Lunenburg, then called E’se’katik, meaning ‘place of clams’, was fished by Mi’kmaq for centuries. In 1753, the arrival of colonial settlers changed the landscape, bringing farmers, not fishers. Finding themselves in a coastal area, some turned to the sea for a livelihood.
Besides a moderate subsistence inshore fishery, the port of Lunenburg had a fleet of roughly ten fishing vessels which participated in the Labrador fishery. Each vessel left in early June with approximately ten crew. Upon arrival, the first task was to set out seine nets for bait. The method of fishing entailed a single, baited, hook and line fished from a smaller whale boat. This was a very labour-intensive fishery.
But that all changed after an experimental fishing trip by Captain Benjamin Anderson.
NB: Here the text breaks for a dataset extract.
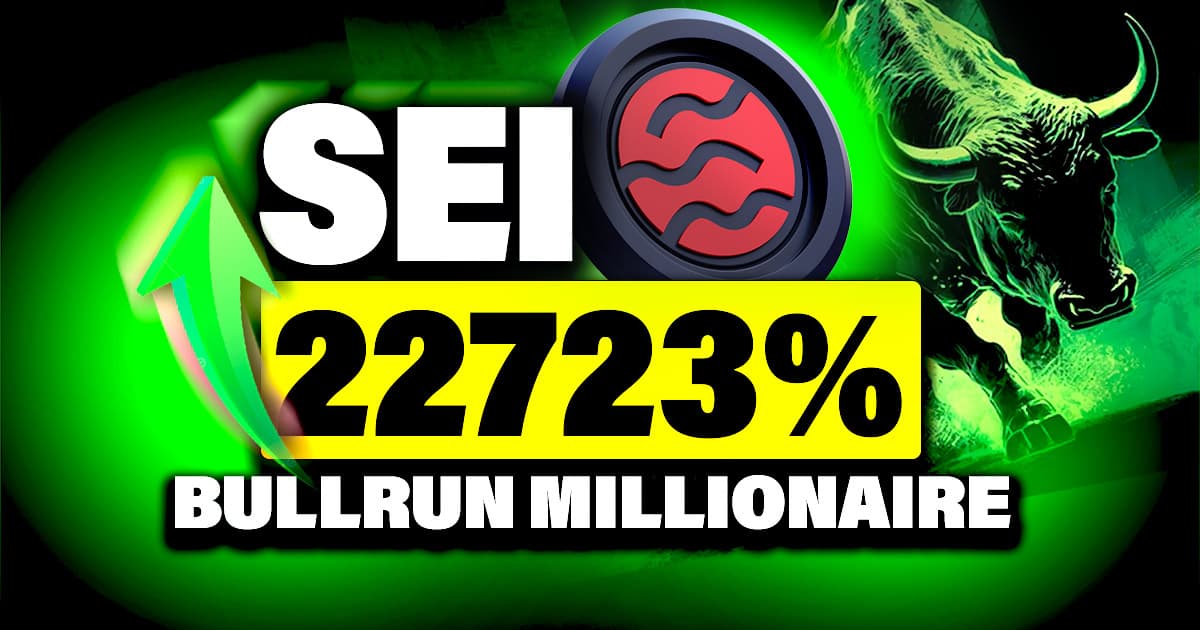 How Many SEI To Become a Crypto Millionaire by 2026?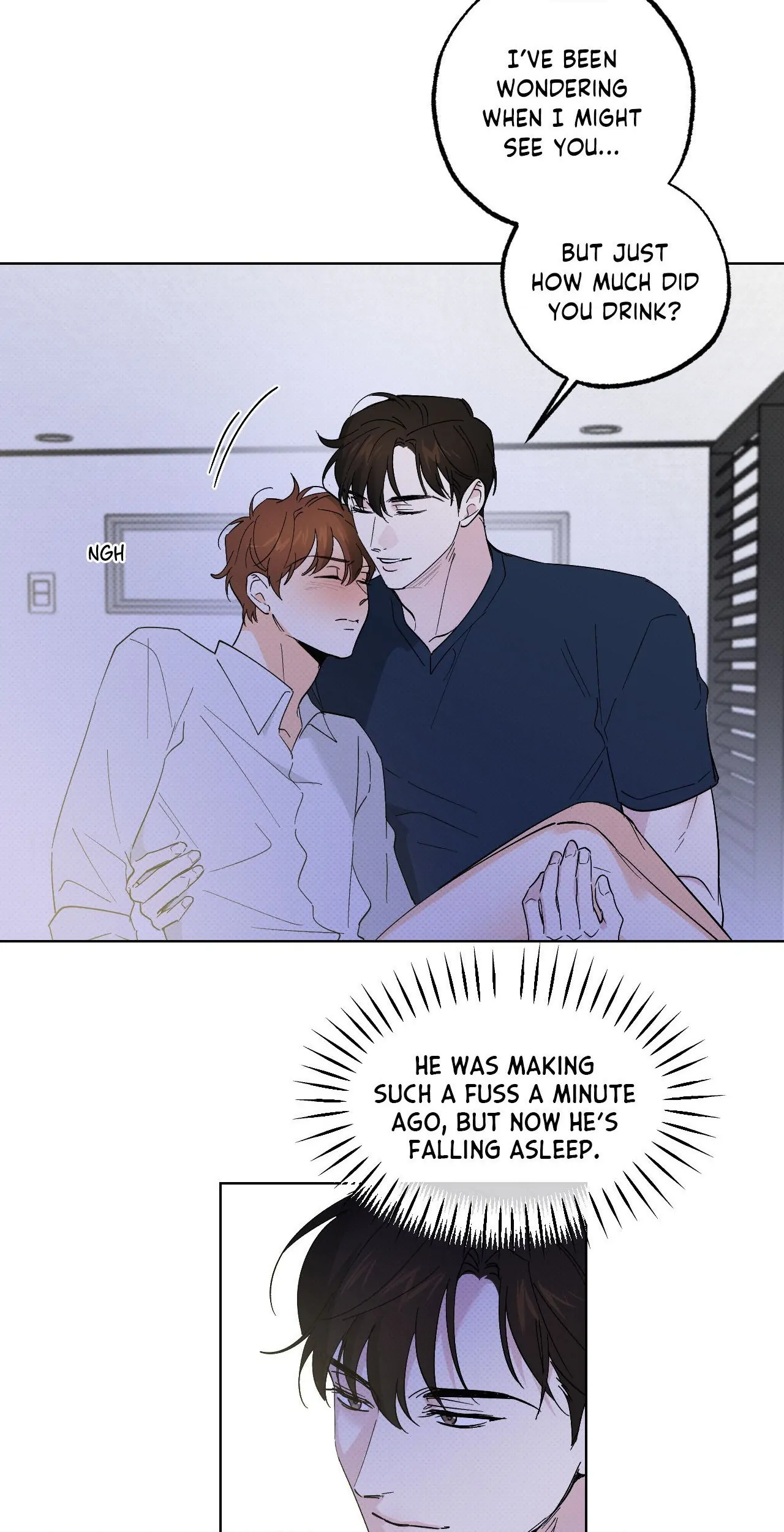 Part-time Partner [Official] - Chapter 61 manhwa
He envisioned a method of longline double dory fishing, believing it far more lucrative and much less laborious, and in 1873, on a trip to Western Bank aboard Dielytris, he gambled on that vision. Captain Anderson knew his crew were taking a risk, so he guaranteed them the equivalent earnings of a Labrador trip.
Captain Anderson and his crew returned to Lunenburg with a boat load of fish; the gamble paid off! In 1874, four other schooners joined Captain Anderson and his crew in this way of fishing. 1875 saw ten schooners, 1888 sixty, and by the turn of the century over one hundred schooners were using this method. All of this happened due to the determination, ingenuity, and skill of Captain Benjamin Anderson and his crew – bravo!